Breil-sur-Roya

2 100 hab. (Breillois), 8 131 ha dont 4 018 de bois, chef-lieu de canton des Alpes-Maritimes dans l'arrondissement de Nice, 64 km au NE de la préfecture. Nommé Breglio en italien, le bourg est devenu «sur Roya» en 1936. Sa population avait atteint 2 700 hab. dès 1861 et elle était encore de 2 700 hab. en 1931; elle a diminué ensuite et reste stable depuis 1975. La commune de Breil a aussi 570 résidences secondaires et a été dotée d'un collège public, un hôpital local (5 lits médicaux, 130 au total avec la maison de retraite des Jardins d'Azur), un Écomusée du Haut Pays; elle a une église du 12e s., plusieurs chapelles; centrale électrique.

La route N 204 vers Vintimille court le long de la Roya, tandis que la route vers Nice se hisse jusqu'au col de Brouis (879 m); Breil est le lieu d'une bifurcation ferroviaire entre la ligne de la vallée vers Vintimille et la ligne vers Nice, qui emprunte un tunnel de 4 km entre les bassins de la Roya et de la Bévéra. Par le grand vallon de la Maglia, qui conflue avec la Roya, rive droite, juste en amont de Breil, le finage va au nord-ouest jusqu'à l'Authion (2 082 m) où sont toute une série de défenses de l'entre-deux-guerres: forts et ouvrages de la Béole, du Col d'Agnon, Plan Caval, Col de Brouis, Croix de Cougoules, Millefourches et la Forca.

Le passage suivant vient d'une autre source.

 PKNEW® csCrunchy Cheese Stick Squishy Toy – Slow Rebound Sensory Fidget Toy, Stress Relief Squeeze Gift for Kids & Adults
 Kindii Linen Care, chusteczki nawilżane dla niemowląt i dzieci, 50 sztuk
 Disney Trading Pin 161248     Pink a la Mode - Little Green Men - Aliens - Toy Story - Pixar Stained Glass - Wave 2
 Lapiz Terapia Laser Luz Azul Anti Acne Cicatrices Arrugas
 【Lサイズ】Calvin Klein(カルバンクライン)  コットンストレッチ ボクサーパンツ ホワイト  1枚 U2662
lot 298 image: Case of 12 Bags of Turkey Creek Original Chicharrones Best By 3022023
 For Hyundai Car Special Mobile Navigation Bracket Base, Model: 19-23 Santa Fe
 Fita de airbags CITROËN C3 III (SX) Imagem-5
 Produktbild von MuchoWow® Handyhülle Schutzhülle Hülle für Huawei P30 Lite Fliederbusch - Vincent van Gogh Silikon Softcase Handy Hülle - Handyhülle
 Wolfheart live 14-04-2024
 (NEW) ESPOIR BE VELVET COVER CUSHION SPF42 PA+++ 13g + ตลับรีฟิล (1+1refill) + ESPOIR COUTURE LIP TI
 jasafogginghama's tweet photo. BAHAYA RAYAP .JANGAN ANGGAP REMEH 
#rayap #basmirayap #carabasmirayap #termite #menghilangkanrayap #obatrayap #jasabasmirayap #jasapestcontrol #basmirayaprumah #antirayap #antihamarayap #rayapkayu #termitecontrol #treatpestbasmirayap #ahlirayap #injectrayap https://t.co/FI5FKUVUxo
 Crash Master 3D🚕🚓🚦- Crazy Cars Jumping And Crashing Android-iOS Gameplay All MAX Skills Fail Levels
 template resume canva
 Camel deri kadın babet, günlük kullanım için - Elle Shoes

À l'est, le relief atteint 1 587 m à la Tête d'Alpe, à la frontière.

Le canton a 2 700 hab., 3 communes, 21 770 ha dont 11 781 de bois. Saorge (400 Saorgiens, 8 678 ha dont 5 000 de bois) est un «village pittoresque des Alpes-Maritimes» en amphithéâtre à 8 km en amont de Breil, dans la vallée en amont des gorges de Saorge, à 500 m. Vers l'est, son territoire va jusqu'au mont Peirevieille à la frontière (2 038 m) et à la Marta (2 136 m). La Bendole y coule dans un étroit sillon très encaissé et impraticable. Vers l'ouest, le finage s'étire sur 12 km jusqu'à l'Authion et, au nord, la Cime du Diable (2 686 m); il englobe ainsi tout le bassin du torrent de Cayros, que remonte une petite route de plus de 10 km. La commune fut jadis Saorgio et avait 3 000 hab. en 1846; la population a rapidement chuté, passant sous les 1 000 hab. en 1910, jusqu'à 320 en 1982. Elle augmente un peu depuis et a gagné 35 hab. de 1999 à 2006. Saorge a 350 résidences secondaires pour 200 résidences principales; monastère de récollets du 17e s., chapelles.

Fontan (240 Fontanais, 4 961 ha dont 2 763 de bois) est à 2 km au nord de Saorge au bord de la Roya, à 430 m, et a une église du 18e s. ainsi qu'une gare et une usine électrique. La commune a été créée en 1871 à partir de Saorge, avec 1 200 hab., et s'est dépeuplée jusqu'en 1990; elle a regagné plus de 60 hab. de 1999 à 2004; elle a 200 résidences secondaires, plus que de résidences principales. Le finage en amande s'étend de part et d'autre de la Roya, autour des torrents d'Arrès à l'est, un peu plus amplement du torrent de Céva à l'ouest; mais il n'atteint ni la crête frontalière à l'est ni la crête du Diable et de l'Authion à l'ouest, qui relèvent de Saorge.